Aunque el destino de ambos “hermanos” fue el mismo, la razón de sus vidas y de sus muertes es bien diferente. El Esclavo agonizante o moribundo, como prefieran, está concebido para que se le mire de frente. Da la impresión de estar desperezándose, como si “comenzara a despegar su fuerza”. Miguel Ángel lo concibió como el símbolo de una corporeidad que deja a un lado cualquier tipo de psicología. Cuanto más nos acercamos a él, más se agudizan los cambios en un perfil donde se precipitan líneas en fluida cascada.
Al Esclavo rebelde, por el contrario, le espera la esquina izquierda del monumento (si lo miramos de frente). Está predestinado para que se le mire diagonalmente, es decir, en el arco de 90º que forman nuestros pasos cuando giramos en torno al monumento. Sus ataduras, que cruzan el torso del reo, nos pasan desapercibidas: su figura parece estar sometida a una fuerza que logra inmovilizarlo, algo así como un prisma invisible en el que más tarde reconoceremos la forma original del bloque de mármol antes de que Miguel Ángel comenzara a esculpir. Pero lo que más me atrae de esta última obra es, quizás, una visión literaturizada de entender su existencia a través de su forma. Me explico.
Ambas obras están inacabadas. Pero mientras que parece que el Esclavo agonizando ha asumido su fin, el otro se revuelve entre sus ataduras (los lazos y la piedra misma) sabedor de su fatal destino. Como el Sísifo de Camus, nuestro esclavo está condenado, esta vez por su Creador, al intento de desembarazarse de la piedra que lo sujeta y sin la cual no podría haber sido creado.

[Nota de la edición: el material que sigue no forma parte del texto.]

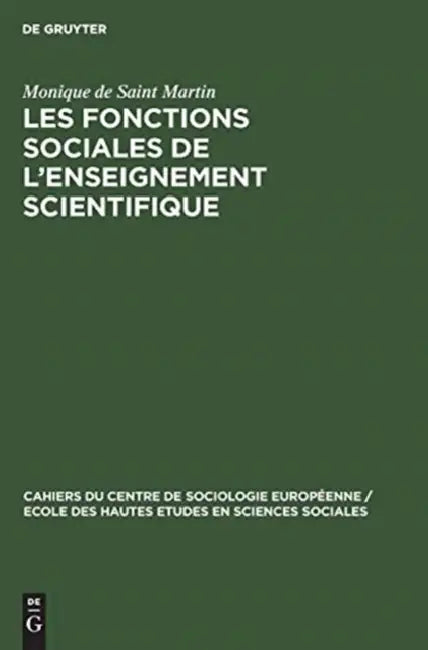 Les fonctions sociales de l'enseignement scientifique by Monique De Saint Martin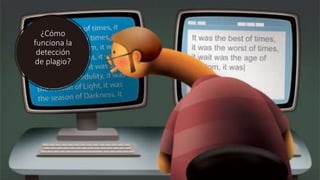 ¿Cómo
funciona la
detección
de plagio?
 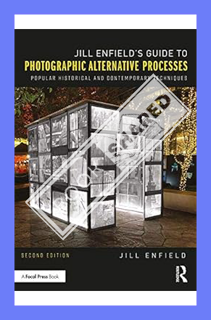 (PDF Download) Jill Enfield’s Guide to Photographic Alternative Processes: Popular Historical and Co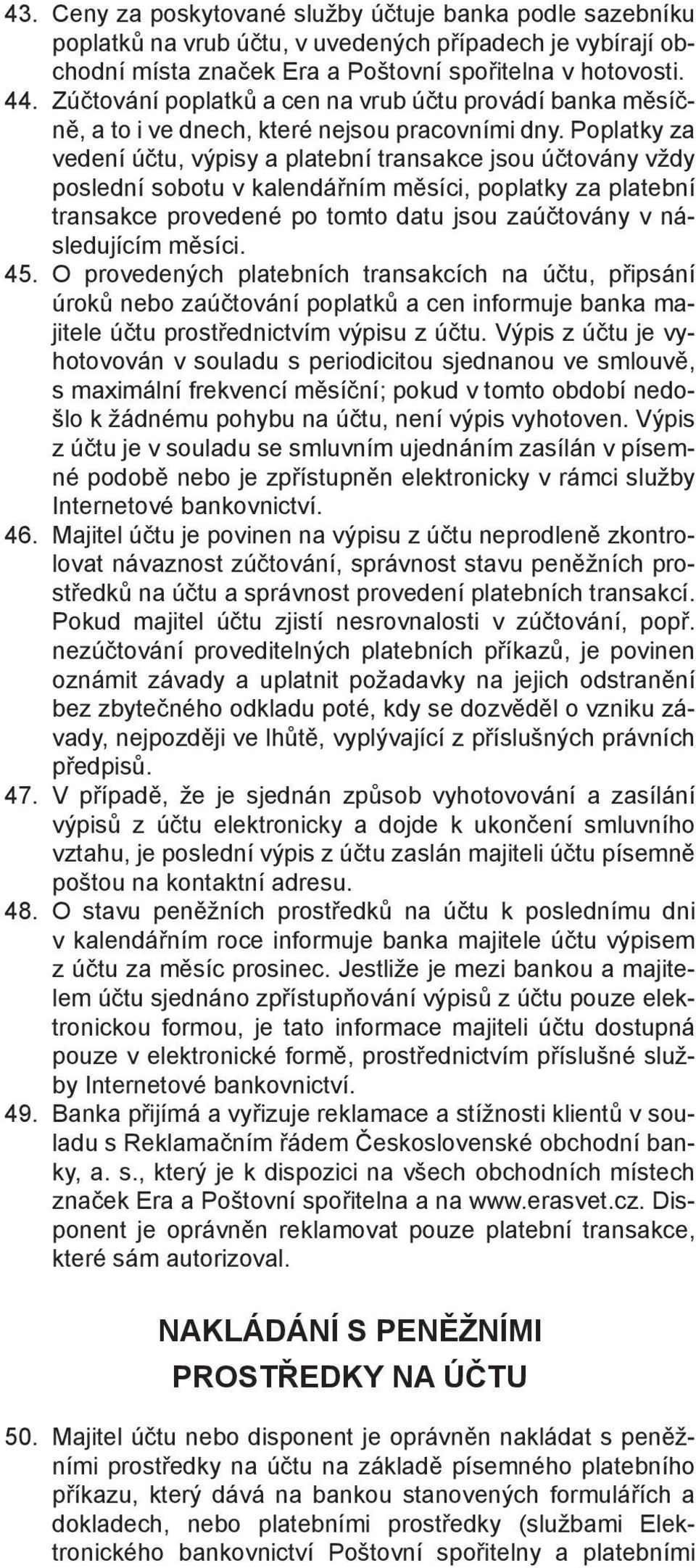 Poplatky za vedení účtu, výpisy a platební transakce jsou účtovány vždy poslední sobotu v kalendářním měsíci, poplatky za platební transakce provedené po tomto datu jsou zaúčtovány v následujícím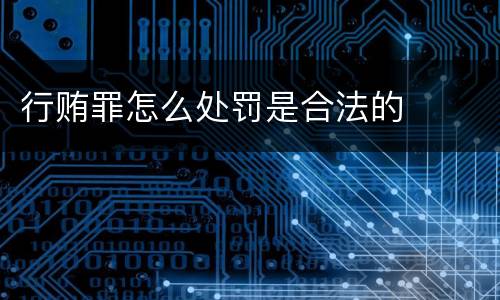 行贿罪怎么处罚是合法的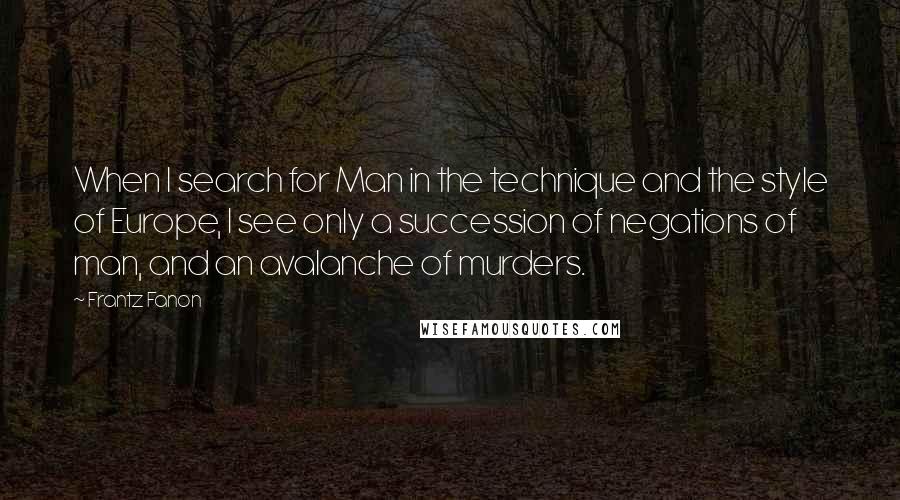 Frantz Fanon quotes: When I search for Man in the technique and the style of Europe, I see only a succession of negations of man, and an avalanche of murders.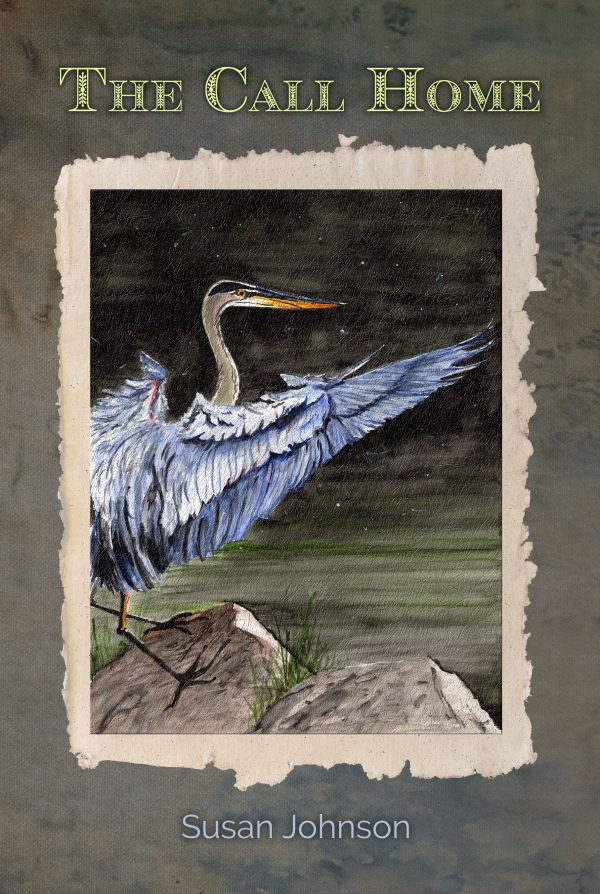 CoverFront-TheCallHome (with painting of Heron taking off from rock by river)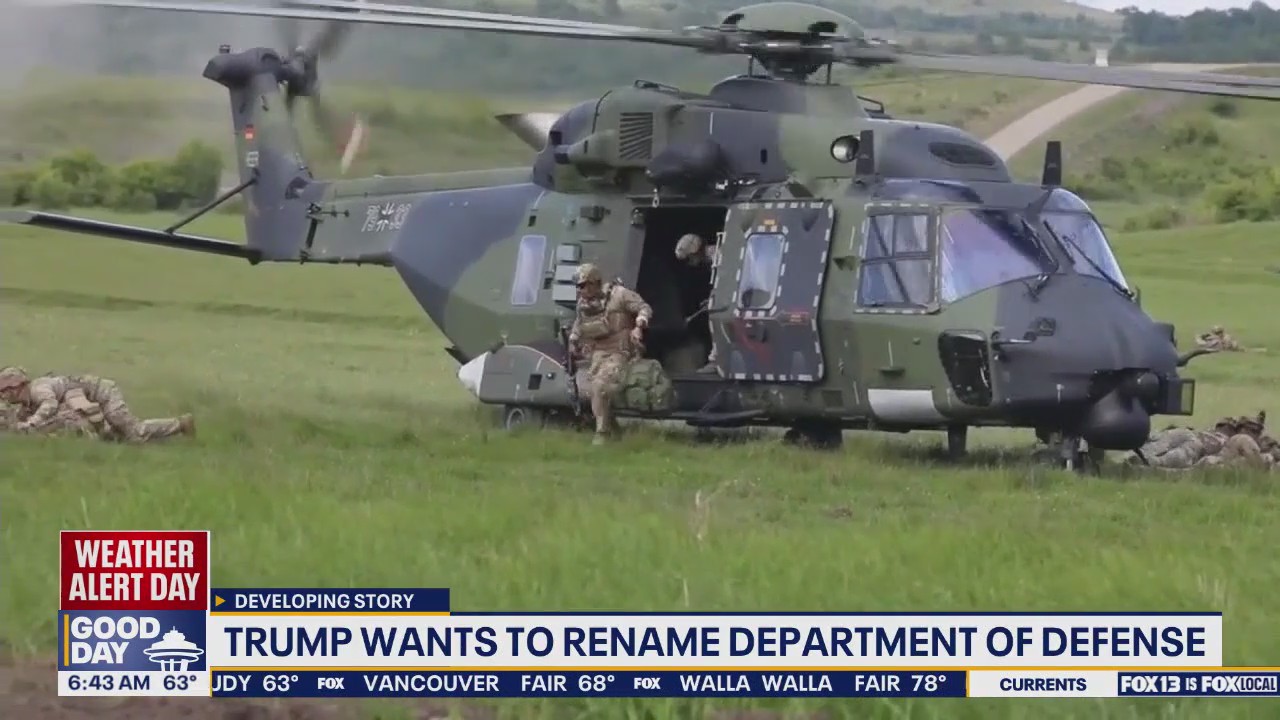 President Trump wants to rename Department of Defense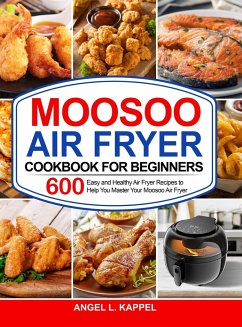 Moosoo Air Fryer Cookbook For Beginners - Kappel, Angel L.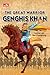 The Great Warrior: Genghis Khan (Genghis Khan)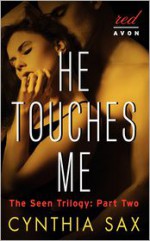 He Touches Me - Cynthia Sax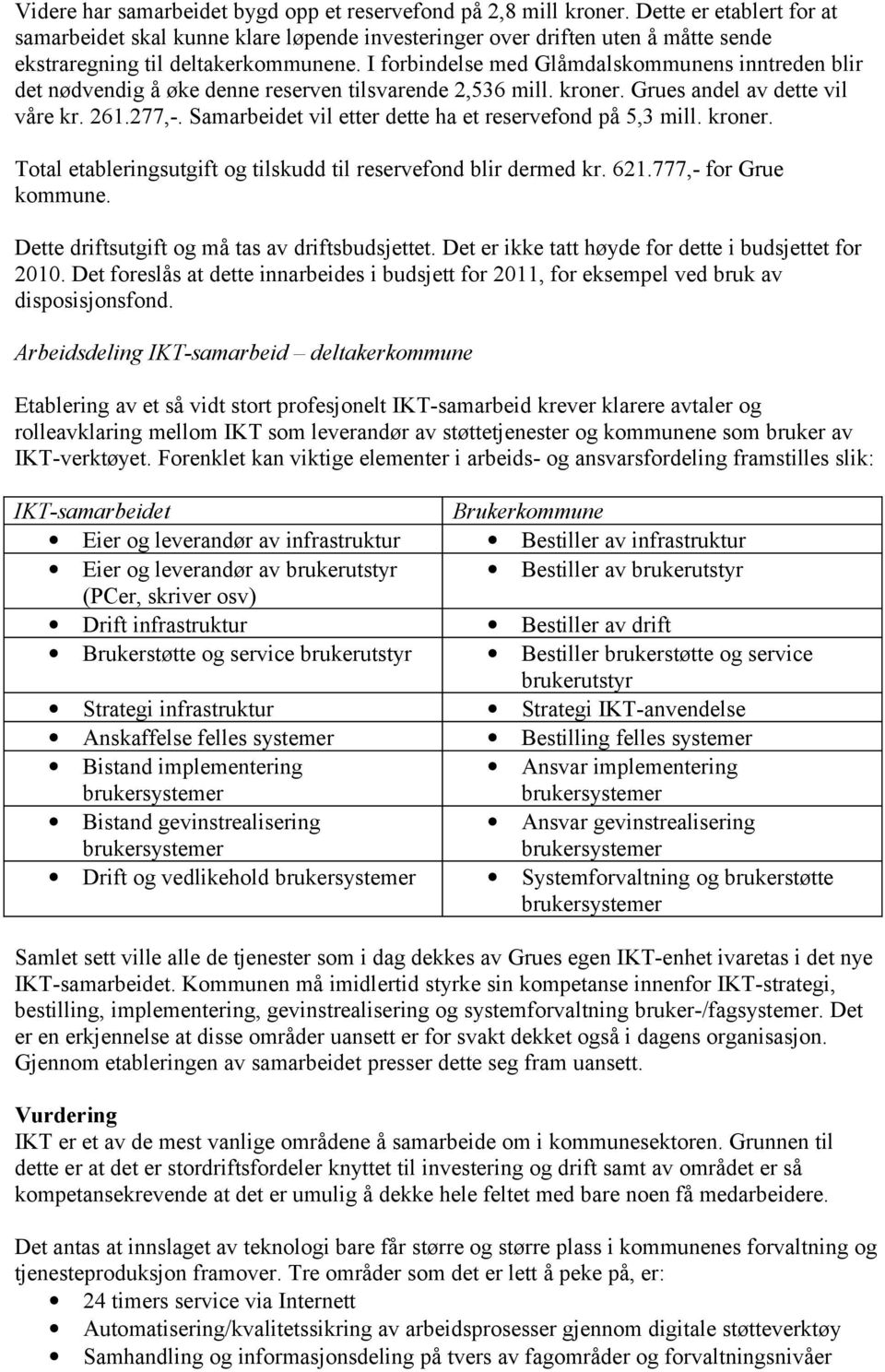 I forbindelse med Glåmdalskommunens inntreden blir det nødvendig å øke denne reserven tilsvarende 2,536 mill. kroner. Grues andel av dette vil våre kr. 261.277,-.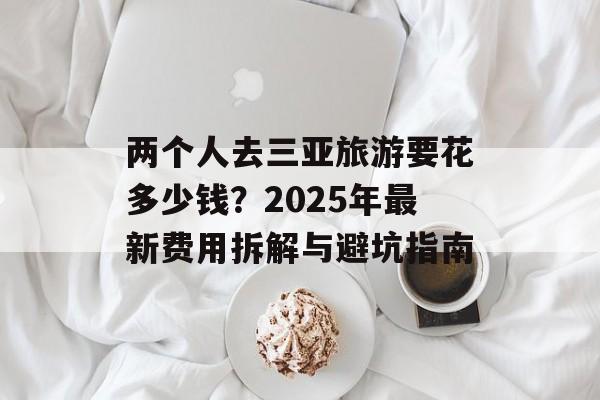 两个人去三亚旅游要花多少钱？2025年最新费用拆解与避坑指南-第1张图片-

Quiere ser estatua, escultura terminada por su Dios, eternidad a los ojos de los hombres que contemplarán, ¡oh fatalidad!, su esclavitud por los siglos de los siglos.
No puedo pensar en destino más cruel para una escultura que permanecer inacabada para siempre, irremisiblemente sujeta a su defectuoso origen: una veta de la piedra le cruza el rostro y el cuello diagonalmente.
Orfandad silenciosa que clama por su libertad. Esclavo abandonado por el Padre, esclavo de la materia, esclavo sin sueños.
Ser incompleto ¿acaso no lo somos todos?